ATT : La question ne m’a pas encore été posée, mais sachez que, il y a
22 ans que je pense être utile à mon pays. 22 ans après, je suis là
encore, face à cette crise. Et pour moi c’est le Mali d’abord et le Mali
avant tout.
RFI : Est-ce que vous vous considérez toujours comme le président du Mali ?
ATT : Je ne veux pas rentrer dans cette polémique. Je me considère
d’abord comme un citoyen malien, comme un démocrate. Aujourd’hui ce qui
compte pour moi, ce n’est pas ma douleur, elle n’est rien. Mais ce qui
me peine, c’est la situation dans laquelle je vois mon pays.
RFI : Une nouvelle Constitution vient d’être présentée par
la junte qui se propose de ne pas se présenter aux prochaines élections.
Cela vous semble-t-il recevable ?
ATT : Je pense que ce n’est vraiment pas à moi de décider.
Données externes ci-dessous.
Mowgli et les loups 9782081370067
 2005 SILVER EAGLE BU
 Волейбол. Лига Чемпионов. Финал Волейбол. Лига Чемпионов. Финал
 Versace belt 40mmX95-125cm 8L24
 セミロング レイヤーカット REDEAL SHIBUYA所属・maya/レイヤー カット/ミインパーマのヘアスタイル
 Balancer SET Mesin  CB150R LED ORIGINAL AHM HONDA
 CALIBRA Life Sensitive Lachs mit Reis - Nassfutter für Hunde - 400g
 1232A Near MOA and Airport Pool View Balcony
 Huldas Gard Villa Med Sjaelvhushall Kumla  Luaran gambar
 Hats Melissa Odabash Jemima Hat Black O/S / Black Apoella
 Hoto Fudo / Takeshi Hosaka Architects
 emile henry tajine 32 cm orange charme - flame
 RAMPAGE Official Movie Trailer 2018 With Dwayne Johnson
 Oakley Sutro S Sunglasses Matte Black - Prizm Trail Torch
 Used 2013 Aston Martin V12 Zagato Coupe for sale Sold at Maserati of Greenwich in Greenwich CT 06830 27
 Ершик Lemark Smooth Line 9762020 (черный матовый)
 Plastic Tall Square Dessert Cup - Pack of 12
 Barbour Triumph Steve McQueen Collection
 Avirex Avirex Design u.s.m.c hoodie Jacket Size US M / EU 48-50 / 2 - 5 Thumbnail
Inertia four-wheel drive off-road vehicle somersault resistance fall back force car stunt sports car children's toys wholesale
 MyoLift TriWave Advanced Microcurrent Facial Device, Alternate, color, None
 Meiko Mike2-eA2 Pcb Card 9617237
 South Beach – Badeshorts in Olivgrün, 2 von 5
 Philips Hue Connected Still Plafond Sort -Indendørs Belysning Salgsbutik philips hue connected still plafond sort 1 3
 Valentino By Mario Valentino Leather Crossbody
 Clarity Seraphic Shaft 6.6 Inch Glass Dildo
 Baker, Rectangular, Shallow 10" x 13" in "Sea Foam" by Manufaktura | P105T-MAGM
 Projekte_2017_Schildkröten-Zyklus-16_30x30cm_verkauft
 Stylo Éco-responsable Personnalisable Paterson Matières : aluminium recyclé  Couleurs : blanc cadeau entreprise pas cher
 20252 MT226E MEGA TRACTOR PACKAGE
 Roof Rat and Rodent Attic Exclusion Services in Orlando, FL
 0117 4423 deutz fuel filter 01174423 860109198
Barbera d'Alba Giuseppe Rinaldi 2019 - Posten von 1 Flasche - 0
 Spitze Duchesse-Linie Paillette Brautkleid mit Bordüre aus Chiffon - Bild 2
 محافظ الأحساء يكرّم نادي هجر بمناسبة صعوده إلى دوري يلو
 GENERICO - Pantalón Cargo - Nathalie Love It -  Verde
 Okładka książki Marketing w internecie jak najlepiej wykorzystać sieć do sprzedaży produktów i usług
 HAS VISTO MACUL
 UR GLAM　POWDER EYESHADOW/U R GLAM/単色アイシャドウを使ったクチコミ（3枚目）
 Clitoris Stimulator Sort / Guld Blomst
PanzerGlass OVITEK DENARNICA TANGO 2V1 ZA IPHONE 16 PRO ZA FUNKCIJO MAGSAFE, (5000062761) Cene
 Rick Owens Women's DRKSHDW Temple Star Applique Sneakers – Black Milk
Les chefs
d’Etat de la Cédéao viendront à Bamako, ils discuteront avec les uns et
les autres, et c’est le plus important.
RFI : Revenons sur la journée du mercredi 21 mars. Comment
êtes-vous parti du palais présidentiel ? Comment s’est passée cette
journée pour vous ?
ATT : J’ai passé toute la journée sous les canons depuis pratiquement
16 heures. Canons de chars, canons de véhicules blindés, toutes sortes
de tirs étaient concentrés sur mon bureau, sur mon domicile et sur ma
famille. Et aux dires de certains, il ne reste plus rien, tout est
calciné. Mais pour un vieux commando, il reste toujours un moyen de se
tirer d’embarras et c’est ce que j’ai fait.
RFI : Mais avez-vous délibérément demandé à la garde présidentielle de ne pas répliquer, de ne pas combattre ?
ATT : En aucune manière je ne souhaiterais jamais que des soldats de
l’armée malienne tirent sur d’autres soldats de l’armée malienne. Pour
moi qui suis aussi soldat et officier de cette armée, vous pouvez
imaginer que je n’aurais jamais souhaité des affrontements entre les
forces armées uniquement pour protéger un homme. Le plus important
aujourd’hui, c’est d’en appeler à l’unité, c’est d’en appeler à la
cohésion pour faire face à tous les défis qui attendent le pays.
RFI : Etes-vous encore entourés de quelques fidèles ?
ATT : Je ne pourrais pas vous le dire. Vieux soldats, il y a quelques
secrets militaires que je garde pour moi. Mais le plus important c’est
que je me porte bien et que je suis en République du Mali.
RFI : Etes-vous favorable à une intervention militaire comme
le suggère la Cédéao en cas de refus du plan de sortie de crise par les
mutins ?
ATT : Je ne répondrai pas à une telle question. Je n’ai pas été
contacté officiellement et je ne suis pas à l’aise pour répondre à des
questions qui ne m’ont pas été posées.